Oui pour Bertrand Wert. Français, cofondateur du mouvement citoyen #1bru1vote et conseiller communal Écolo à Ixelles

Nous exclure de la vie politique alors que nous participons à la vie économique et sociale bruxelloise n’a pas de sens. Le droit de vote aux communales a été accordé à tous les étrangers en 2006. Pourquoi ne pas reprendre le même schéma pour les régionales ?
Pourquoi vouloir accorder le droit de vote à tous les étrangers lors des élections régionales à Bruxelles ?
Tout simplement parce que nous vivons ici, nous faisons partie de cette région de Bruxelles-Capitale. J’ai grandi à Lyon mais je vis à Bruxelles depuis près de vingt ans. Nous, les étrangers, les non-Belges, représentons plus d’un tiers de la population bruxelloise. Les Européens représentent aujourd’hui plus de 80 % de ce groupe.
Nous exclure de la vie politique alors que nous faisons partie de la vie économique, culturelle et sociale de la région n’a pas de sens. Il est compliqué pour les institutions publiques, pour la région, pour ses structures, de gérer une ville où plus d’un habitant sur trois ne peut pas avoir le droit d’exprimer son avis, de s’impliquer politiquement. Pourtant, nous respirons le même air que les Belges, nous nous déplaçons de la même façon dans la ville. Nos enfants vont dans les mêmes écoles, les mêmes centres sportifs, les mêmes universités. Pour nous, comme pour les Belges, c’est une perte sèche. Cela ne nous permet pas de nous investir autant que nous le souhaiterions. Cela permet aussi de sortir d’une démarche négative. Les personnes qui se plaignent de la qualité de l’air, de la mobilité, de la collecte des déchets par exemple, auront leur mot à dire. Je suis cofondateur du mouvement citoyen #1bru1vote qui défend le droit de vote pour tous les étrangers aux régionales bruxelloises. Nous ne nous considérons pas comme des "étrangers" mais plutôt comme des non-Belges, Bruxelloises et Bruxellois.
Établiriez-vous tout de même certaines conditions afin que les étrangers puissent voter aux régionales à Bruxelles ?

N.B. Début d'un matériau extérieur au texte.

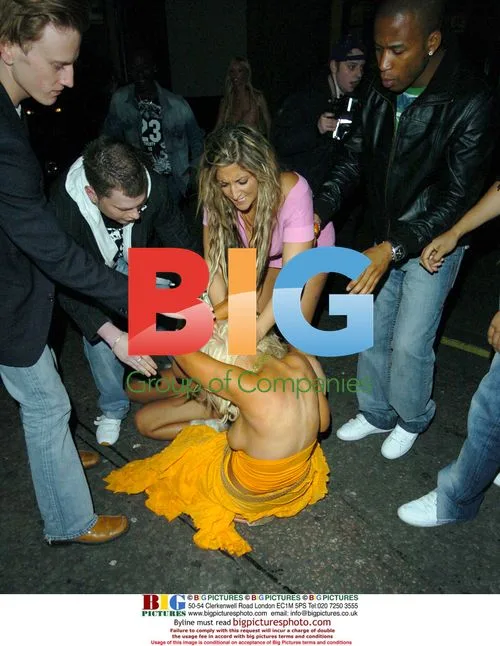 Lauren Pope and friend fighting over footballers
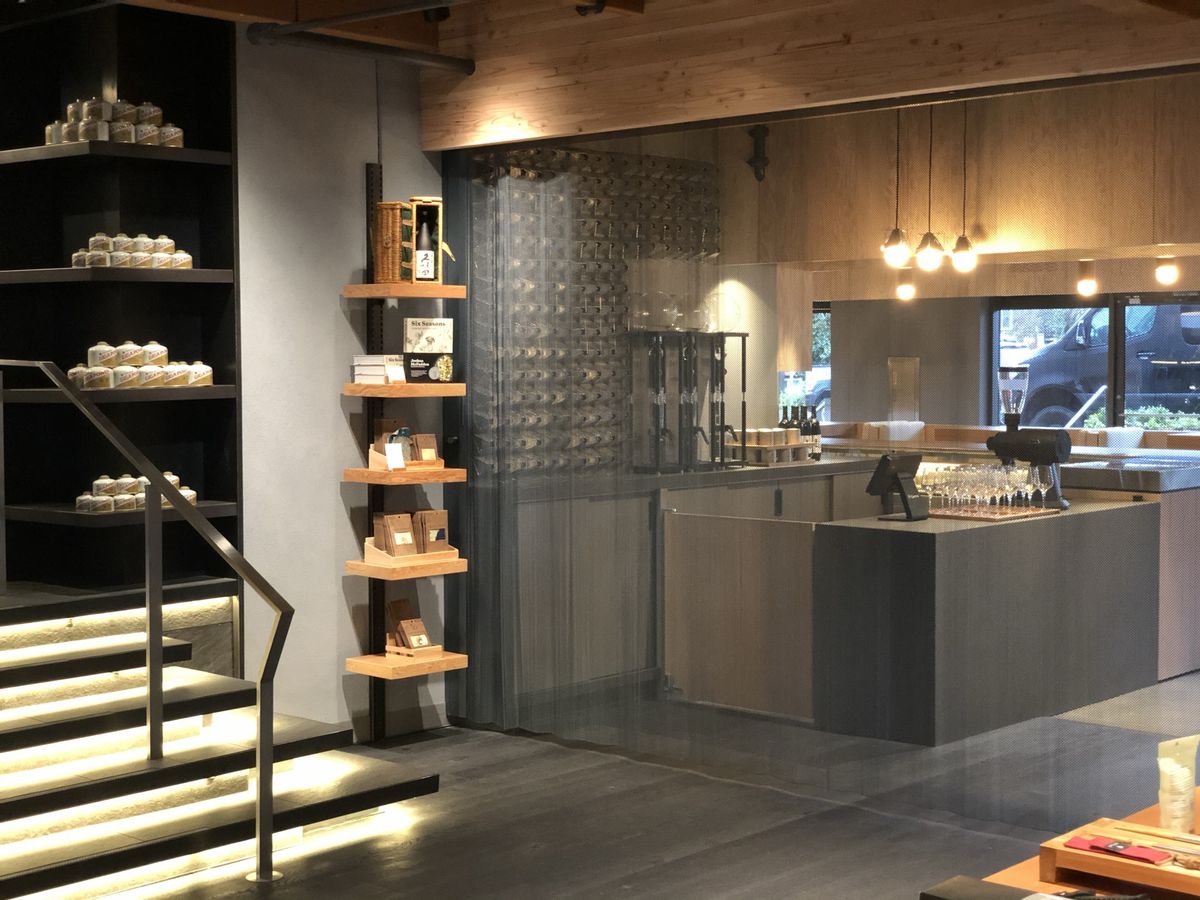 CascadeCoil's tweet photo. In designing Snow Peak's US flagship store in Portland, designers and management wanted a space that reflected both minimalism and durability. To achieve that effect, they chose Fabricoil in a Gunmetal Black powder-coating finish. Read the full story here: https://t.co/0z2eIAZh4D https://t.co/OXLyfccy0t
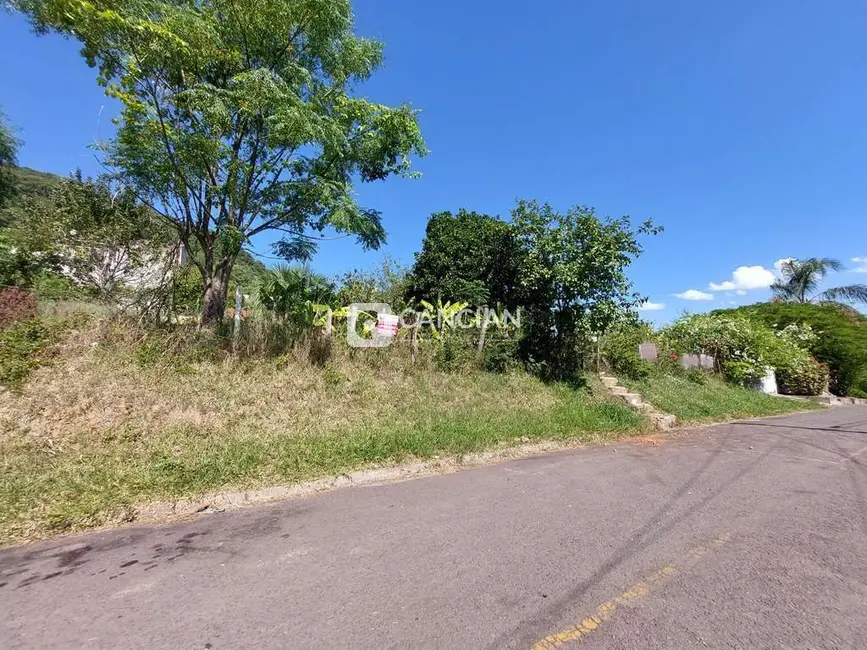 Foto 2 de Terreno / Lote à venda, 364m2 em Nossa Senhora do Perpétuo Socorro, Santa Maria - RS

C’est au législateur de trouver la meilleure des réponses à cette question. Ceci étant dit, notre plateforme a quelques idées. Un système a été mis en place pour permettre aux étrangers de voter aux communales. En 2000, les citoyens européens ont obtenu le droit de vote. Ils doivent seulement s’inscrire sur les listes d’électeurs. Les non-Européens ont ce droit depuis 2006. La seule restriction qui existe est qu’ils doivent résider depuis plus de cinq ans en Belgique. Ne pourrait-on pas reprendre ce principe au niveau régional ? Nous n’y verrons pas d’inconvénient. Ce serait déjà une belle avancée démocratique. Cependant, distinguer les Européens et non-Européens ne nous plaît pas trop car il s’agirait de reproduire la même discrimination que celle que nous vivons actuellement.
Pour élargir le droit de vote au niveau régional, il faudrait faire appel au fédéral pour modifier la loi spéciale. Une majorité serait difficile à décrocher : il faudrait atteindre 2/3 des deux chambres et la majorité dans chaque groupe linguistique. Pensez-vous que cela soit possible ?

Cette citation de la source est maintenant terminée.